Saturday, June 3, 2023
Book Review: Tribal Leadership
Written by Dave Logan, Halee Fischer-Wright, and John King in 2008
Summary: The authors are each professors and leadership coaches, and this book synthesizes their ten years of research into what makes a successful organization. The result is a framework for five cultural stages that organizations and individuals can be in. Tribal Leadership describes these stages and provides coaching steps to move your organization upward toward optimal cooperation and creativity.
Review: The subtitle, “Leveraging Natural Groups to Build a Thriving Organization,” is misleading. The authors’ research does not extend beyond the business context, and their recommendations neither apply to nor draw from broader group psychology. That said, the book paints a clear, well-supported picture of why “tribal leadership” — a cultural stage marked by 1) total buy-in from all stakeholders including clients, 2) star performers having the willingness and trust to work on projects bigger than what they can accomplish alone — is worth striving for, and outlines realistic tactics to get there.
Tribal Leadership isn’t a book you read once and digest the lessons from. It’s one you keep in your back pocket as you embark on a long journey to uplift yourself and your colleagues until you reach history-making success.
Strengths:
The book states at the outset that each chapter uses individual anecdotes for an easier reading experience, but that the lessons in these examples are backed by ample research, all described in the appendix. This was a brilliant choice to balance the readers’ engagement and skepticism. I read the research first, then sank into the main book confident of its validity.
Weaknesses:
I really wish books like this would stay in their lane. Suggesting that suicide is a product of Stage One thinking, or terrorists are Stage Four organizations with bad values (which the authors do more seriously than a simple metaphor) is at best ignorant of real issues in people’s lives, and at worst arrogant prejudice. These authors have coined a helpful framework for discussing businesses. They have not discovered a social “theory of everything” that will solve injustice.
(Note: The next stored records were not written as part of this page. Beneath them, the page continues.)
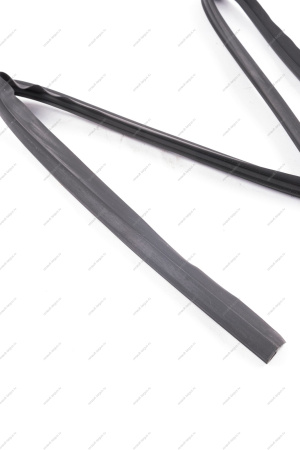 Уплотнитель лобового стекла нижний LADA Largus/Лада Ларгус (БРТ) Lada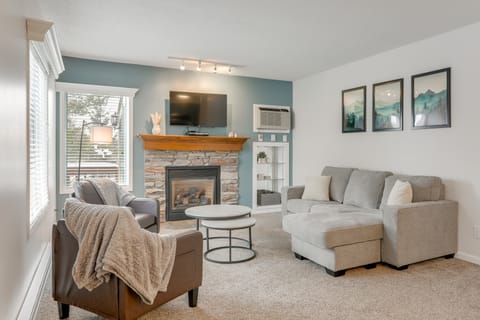 Ski-In/Ski-Out Getaway w/ Deck in Clymer! Apartment in Allegheny River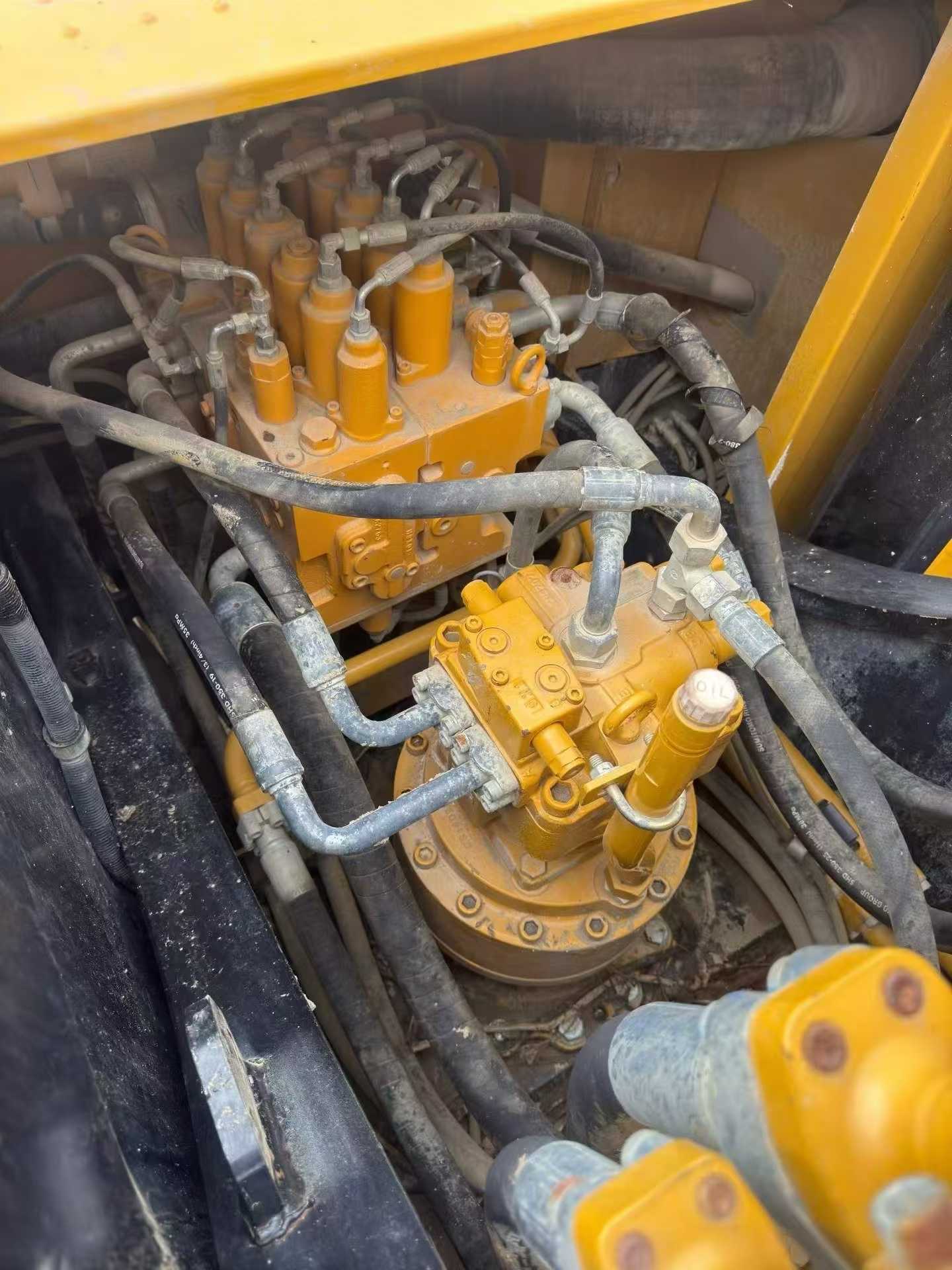 Compre Escavadeira Sany SY215C Usada / 6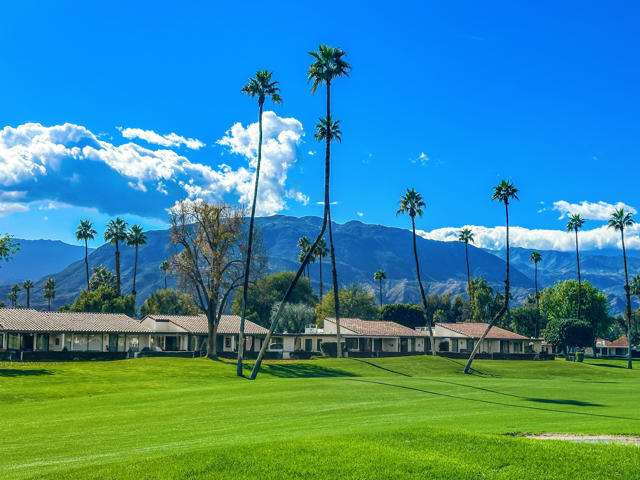 69 Don Quixote Drive, Rancho Mirage CA: https://media.crmls.org/mediaz/ad4b3191-08f1-4389-9097-d7d346301464.jpg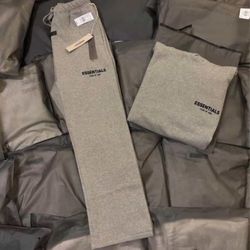 Size Small Dark Oat Sweat Pants 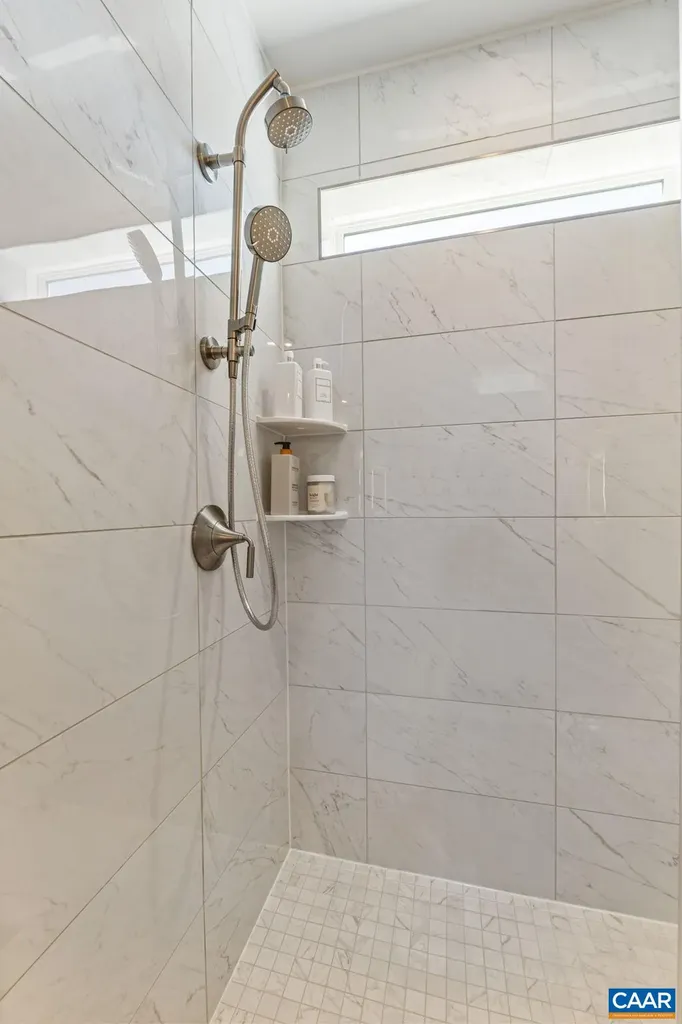 19D Farrow Cove Charlottesville VA 22901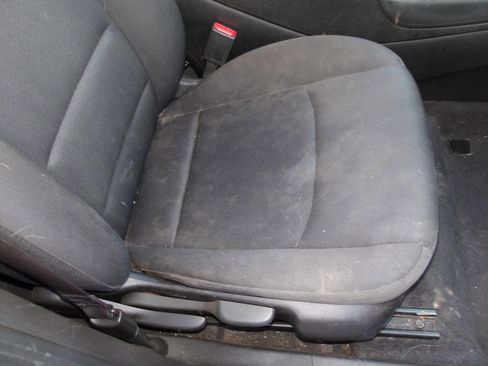 Used 2018 Chevrolet Malibu LT image 18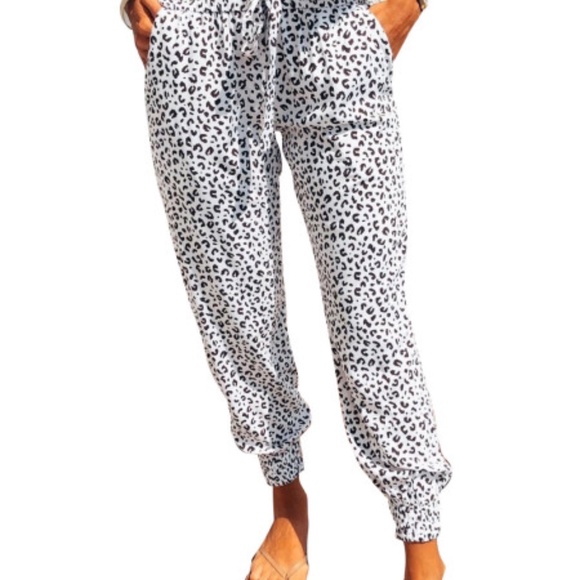 Pants - HP💝Cozy leopard print drawstring joggers
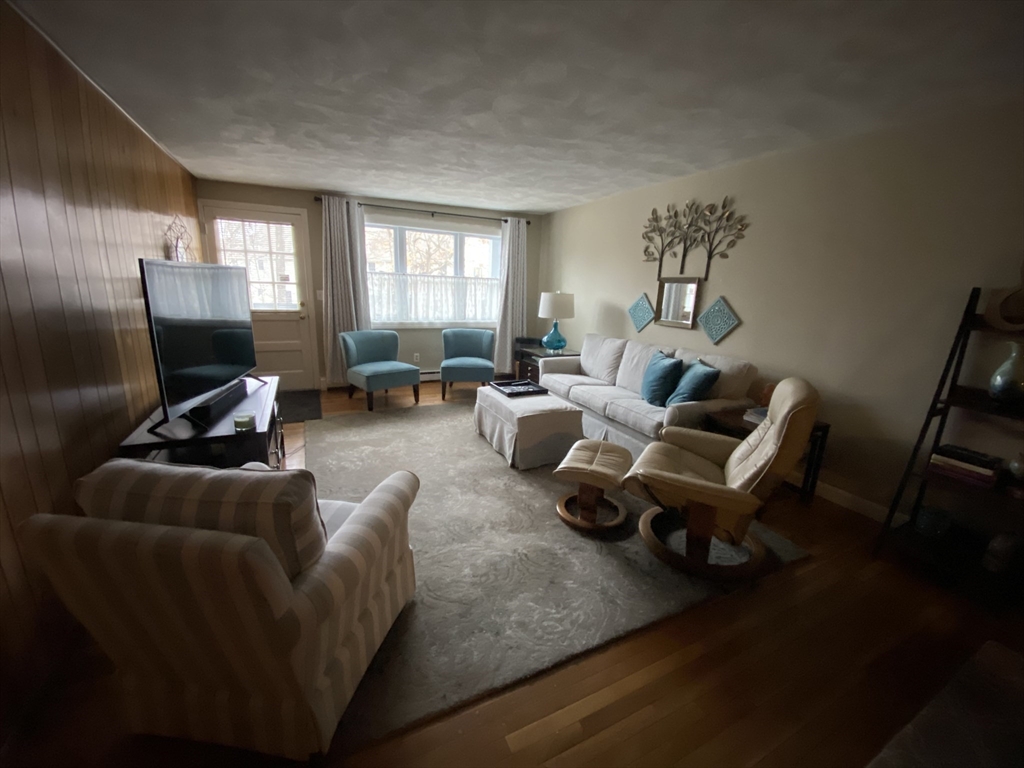房源照片：49 Dennis Street #D, Attleboro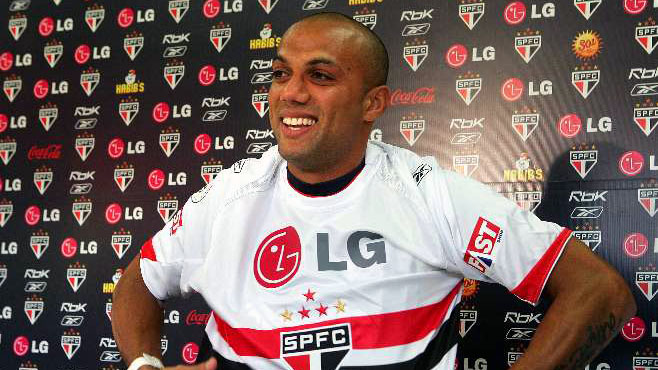 O ano &eacute; 2017 e os dirigentes ainda caem no clich&ecirc; de &ldquo;jogador de Libertadores&rdquo;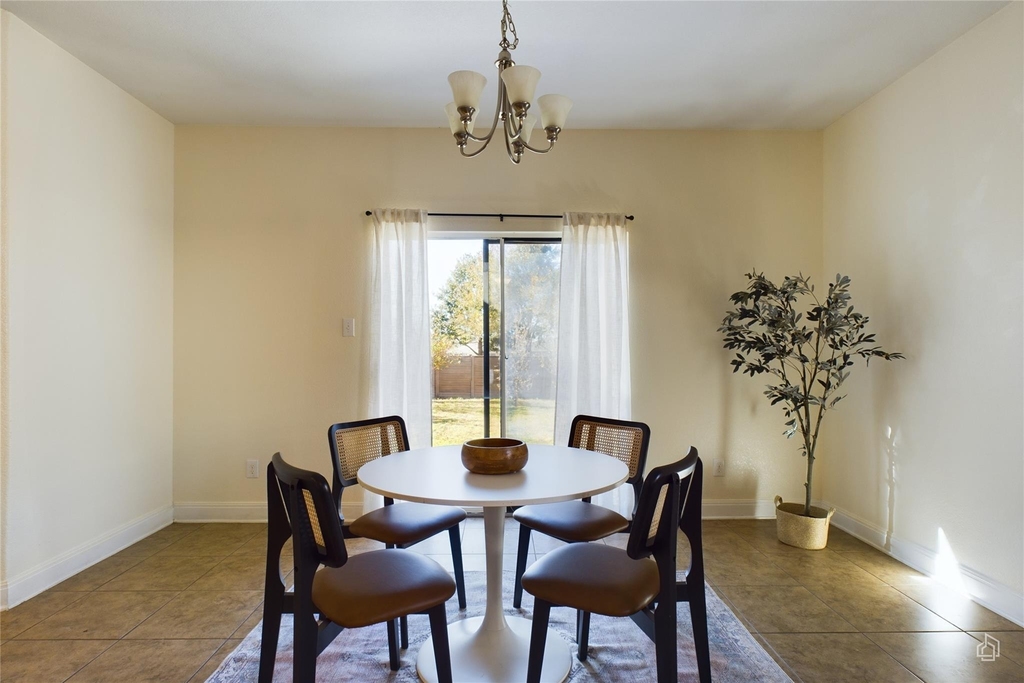 12013 Oaklynn Ct - Photo 10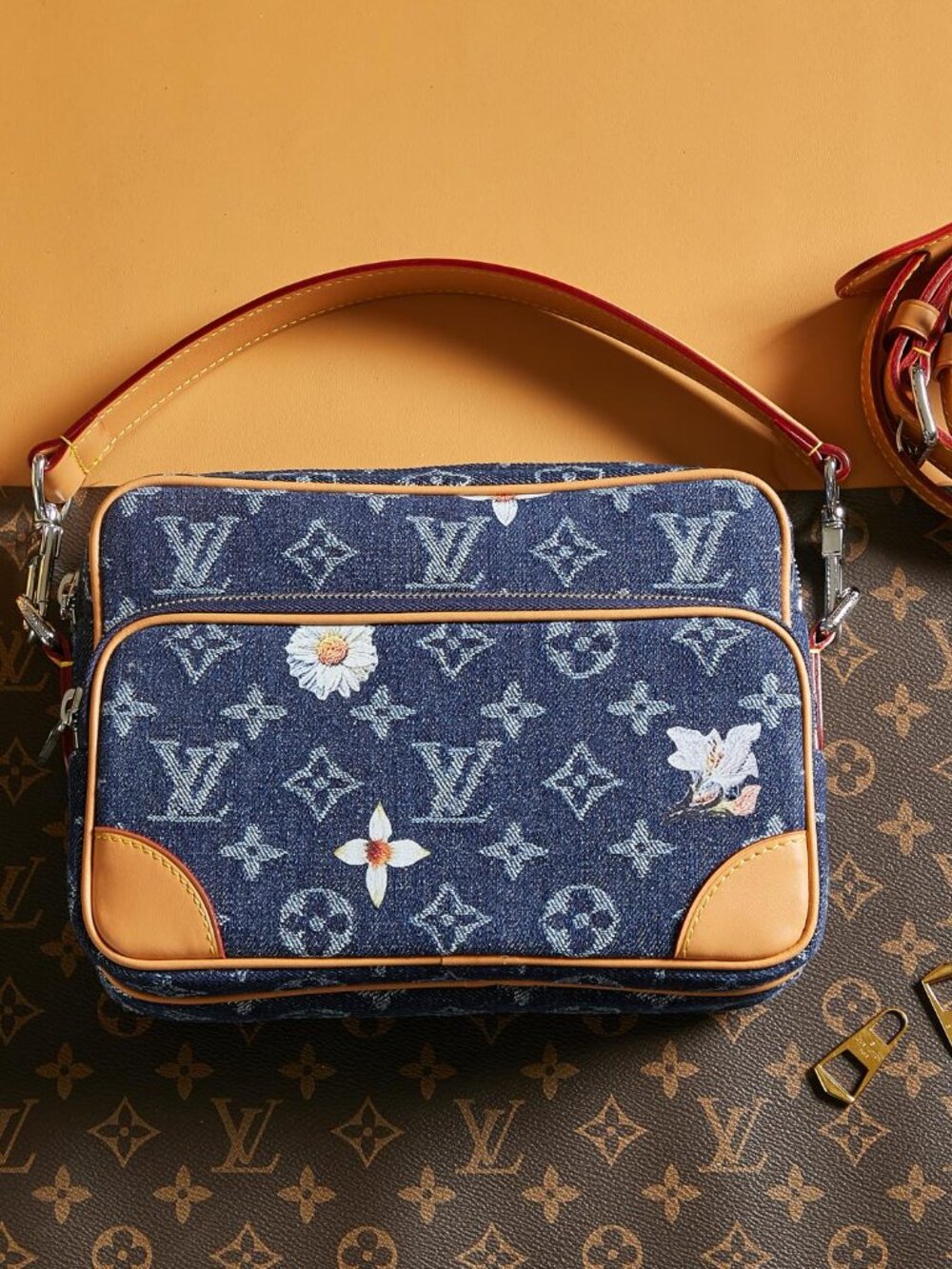 Louis Vuitton Nil Spring Collection Messenger Bag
Rating: 17/20 wild west sheriffs
Ideal Setting: Read this when something or someone in your workplace is holding you back.
Sunday, February 19, 2023
Book Review: The 4-Hour Workweek
Synopsis: Expanded from the eponymous blog, The 4-Hour Workweek proposes a lifestyle of multiple mini-retirements, exercising the freedom that most people think they must accumulate millions to buy, and explains how to reach it through working from anywhere, hiring cheap personal assistants, and regaining lost time by saying no and reading less.
Review: The content of this book can be summarized by the fact that Tim Ferriss was dubbed Wired magazine’s “greatest self-promoter in the world” the year after its release, an accolade which Ferriss mentions in newer editions. The 4-Hour Workweek reads as an advertisement for itself. Its chapters are literally interrupted by testimonials from blog readers describing energetically but very vaguely the success they accrued from applying that chapter’s ideas. Additionally, Ferriss uses every opportunity to describe his international adventures, way past the usefulness of his implicit pitch that you can travel like him too if you follow the book’s advice.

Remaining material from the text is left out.